In Fig. S4(a) and (b), the per-fold R² scores are reported, showing both the average predictive performance and consistency of each model across cross-validation splits, providing insight into robustness and generalizability. GINE achieves the highest R² in every fold, demonstrating superior performance, while other models show lower mean R² and higher variability, indicating less reliable predictions. The plot visually conveys both central tendency and stability of each model.

For 3D molecular graph representations, Fig. 6 illustrates the performance of three geometry-aware GNNs—GemNet, SchNet, and ALIGNN—in predicting ω values. As with the 2D models, the left panels show predicted versus actual ω values for both training and test sets, while the right panels display the residuals plotted against the actual values.


	Fig. 6 Left panels depict predicted versus actual ω values, while right panels present the residuals plotted against the actual ω values for GemNet, SchNet, and ALIGNN models (top to bottom, ordered poorest to best by cross-validated R²).

All three models demonstrate excellent predictive accuracy, with test set R² values exceeding 0.98, confirming that 3D-aware message-passing architectures are highly effective in capturing the structure–property relationships governing the target ω values. Among the evaluated models, ALIGNN achieves the strongest performance (R_test² = 0.9941), highlighting the advantage of incorporating higher-order geometric information through line-graph message passing. SchNet follows closely (R_test² = 0.9883), benefiting from continuous-filter convolutions that encode smooth distance-dependent interactions, while GemNet also performs competitively (R_test² = 0.9882), though with slightly larger residual variations at higher ω values.

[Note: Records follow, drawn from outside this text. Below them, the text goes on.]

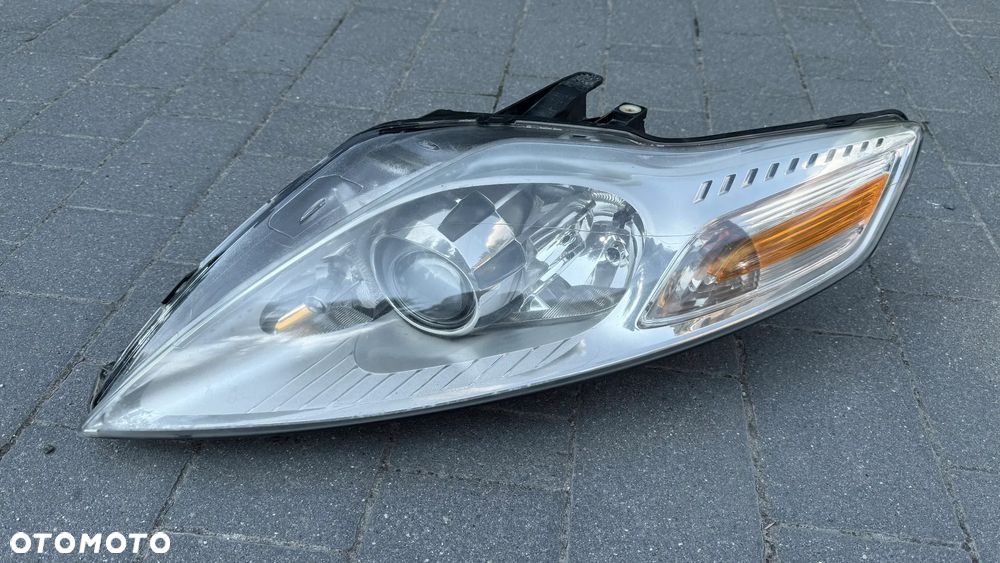FORD MONDEO MK4 Lampa Lewa 07-10 soczewka EU Lewy Przód 7s71-13d153-ag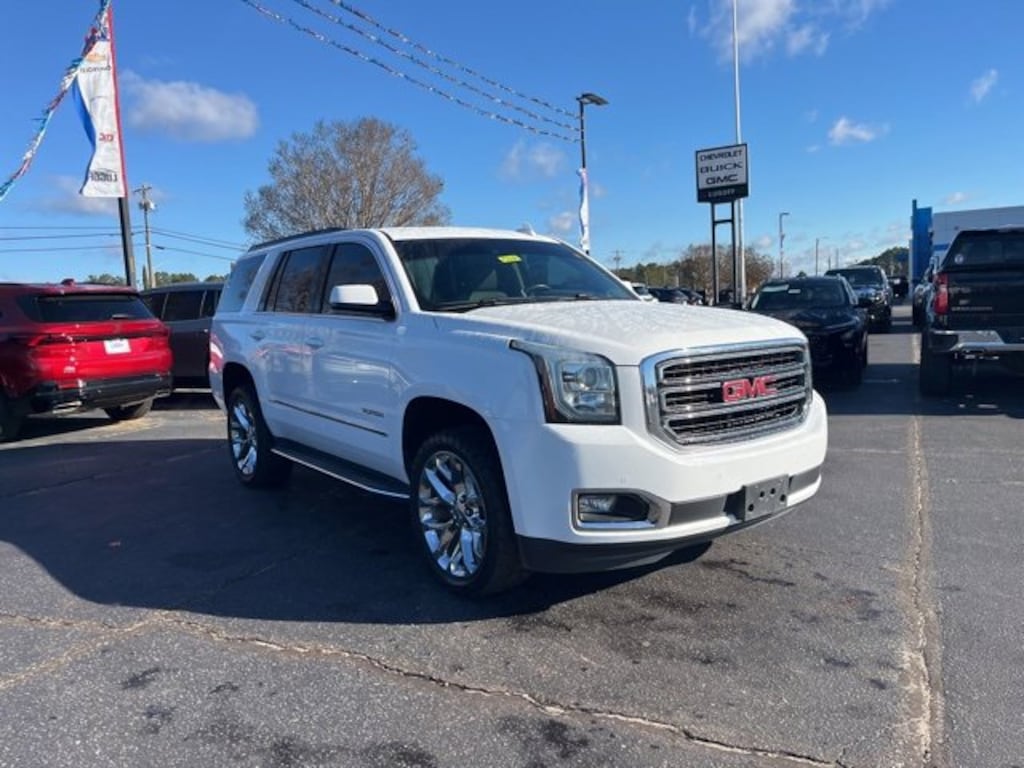 Used 2019 GMC Yukon SLT Standard Edition SUV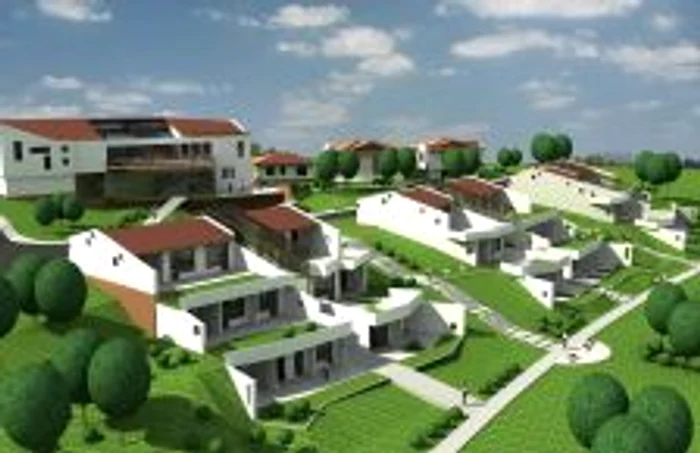 Proiectul Clinicii Nera, in 3 D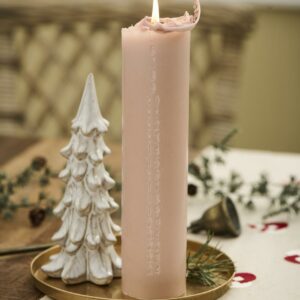 Alternative view of Hvidmeleret juletræ - Lille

The residual plots show that the majority of prediction errors for all 3D models are tightly clustered around zero, indicating stable and unbiased generalization across the full range of ω values. Compared to standard 2D GNN baselines, the 3D models achieve consistently higher or comparable accuracy, suggesting that explicit incorporation of molecular geometry provides a measurable performance advantage. However, incorporating 3D structural information improves model performance, comparable ω predictions can still be obtained even without explicitly using 3D geometry. Within the family of 3D methods, ALIGNN emerges as the top-performing architecture, followed by SchNet and GemNet, demonstrating the benefit of increasingly expressive geometric message-passing schemes for learning molecular reactivity descriptors. In addition, results for 3D models applied to the log-transformed dataset are presented in Fig. S5.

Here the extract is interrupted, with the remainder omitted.